_ABOUT THIS TASK_
The pictures stay out; all of the data is to be printed exactly.

_GIVEN INFORMATION_
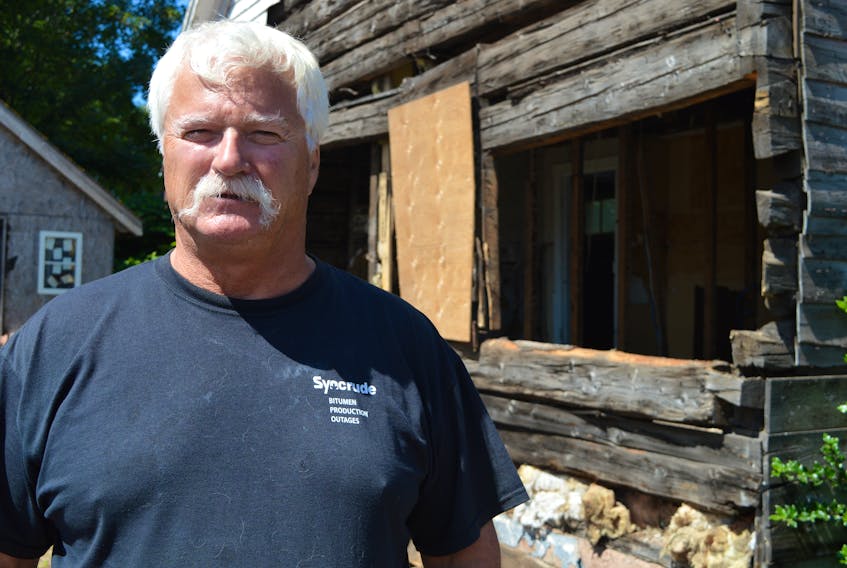 Ray Campbell, who owns a log home on Hillsborough Street in Charlottetown, stands by a part of the structure he took down before the city filed a court injunction ordering him to stop. He and the city now have 10 days to come to a resolution on the matter.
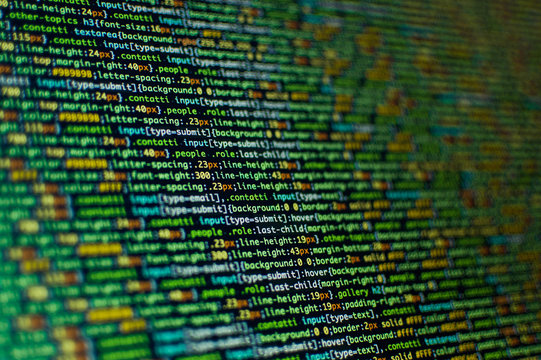 Software development. Software source code. Programming code. Writing programming code on laptop.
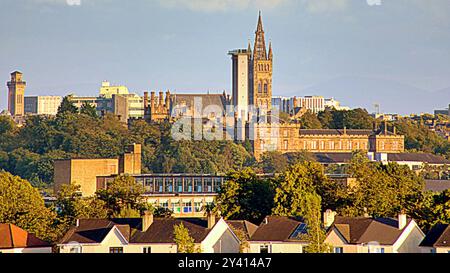 Glasgow, Scotland, UK.15th September, 2024. UK Weather:  Sunny weather returns over the south of the city as a promise of more awaits. Glasgow university gothic tower  and gartnavel hospital in the leafy affluent west end.  Credit Gerard Ferry/Alamy Live News Stock Photo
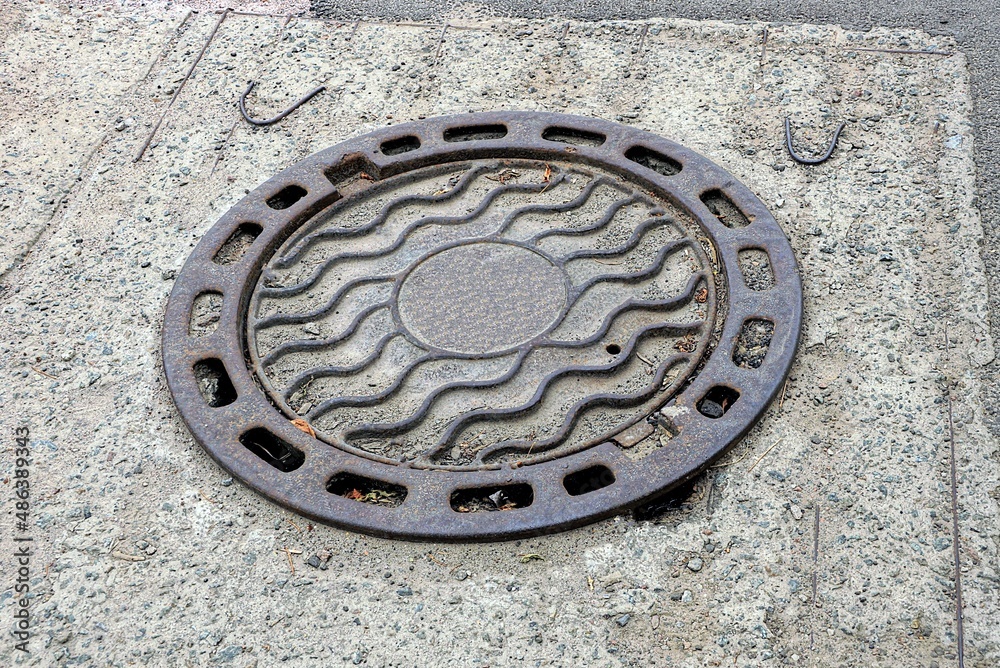 one brown closed iron manhole laying on the road in concrete one brown closed iron manhole laying on the road in concrete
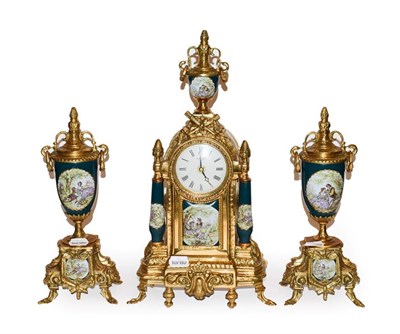 Lot 200 - A reproduction French style gilt metal three-part clock garniture, with Quartz movement, 44cm high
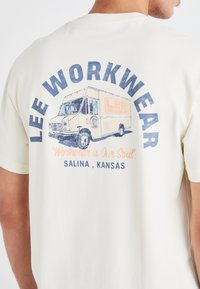 Kremo spalvos marškiniai su iliustracija apie pristatymo mikroautobusą, ant kurio užrašyta "LEE WORKWEAR" ir šūkis "Darbo drabužiai yra mūsų siela" mėlyna ir oranžine spalvomis.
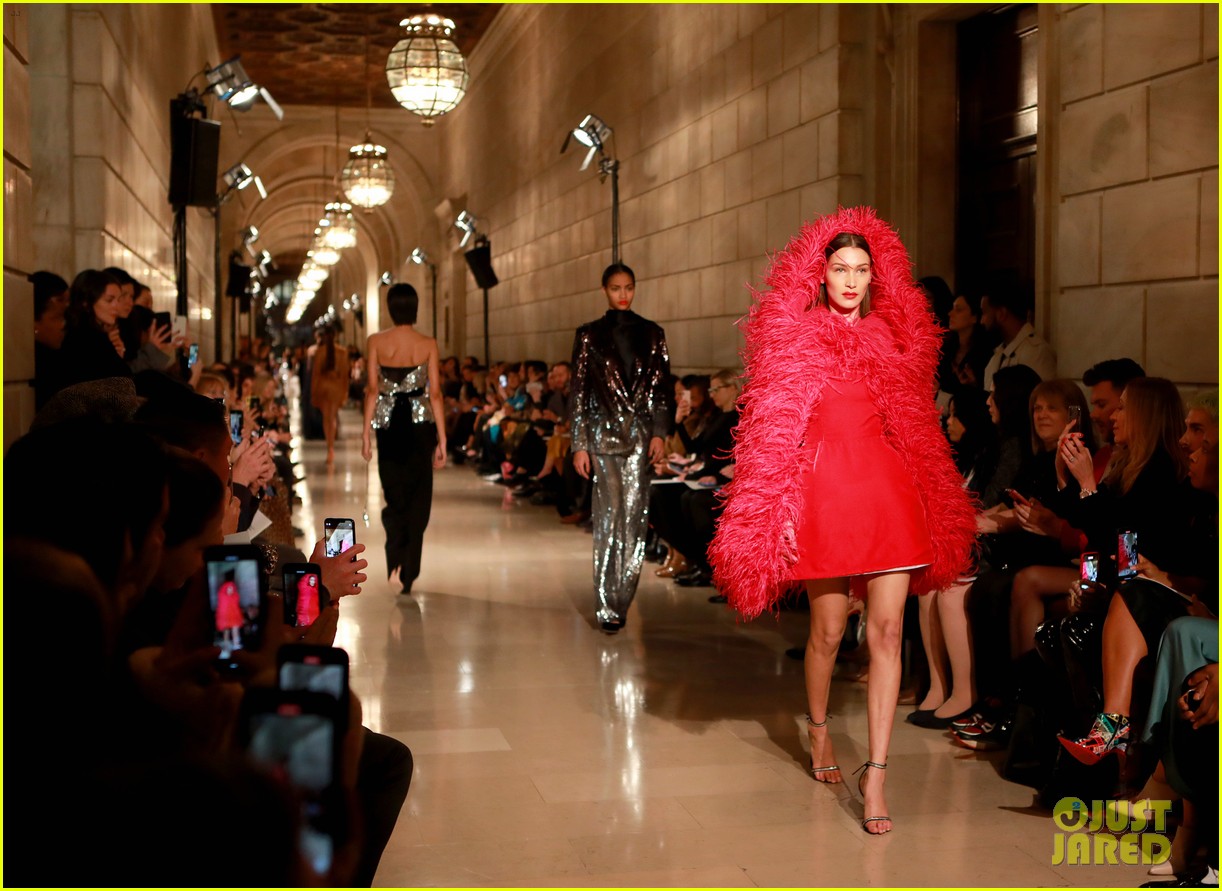 Bella Hadid Wears Red, Feathered Hooded Jacket For Oscar de la Renta ...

_EXPECTED ANSWER_
 Ray Campbell, who owns a log home on Hillsborough Street in Charlottetown, stands by a part of the structure he took down before the city filed a court injunction ordering him to stop. He and the city now have 10 days to come to a resolution on the matter.
 Software development. Software source code. Programming code. Writing programming code on laptop.
 Glasgow, Scotland, UK.15th September, 2024. UK Weather:  Sunny weather returns over the south of the city as a promise of more awaits. Glasgow university gothic tower  and gartnavel hospital in the leafy affluent west end.  Credit Gerard Ferry/Alamy Live News Stock Photo
 one brown closed iron manhole laying on the road in concrete one brown closed iron manhole laying on the road in concrete
 Lot 200 - A reproduction French style gilt metal three-part clock garniture, with Quartz movement, 44cm high
 Kremo spalvos marškiniai su iliustracija apie pristatymo mikroautobusą, ant kurio užrašyta "LEE WORKWEAR" ir šūkis "Darbo drabužiai yra mūsų siela" mėlyna ir oranžine spalvomis.
 Bella Hadid Wears Red, Feathered Hooded Jacket For Oscar de la Renta ...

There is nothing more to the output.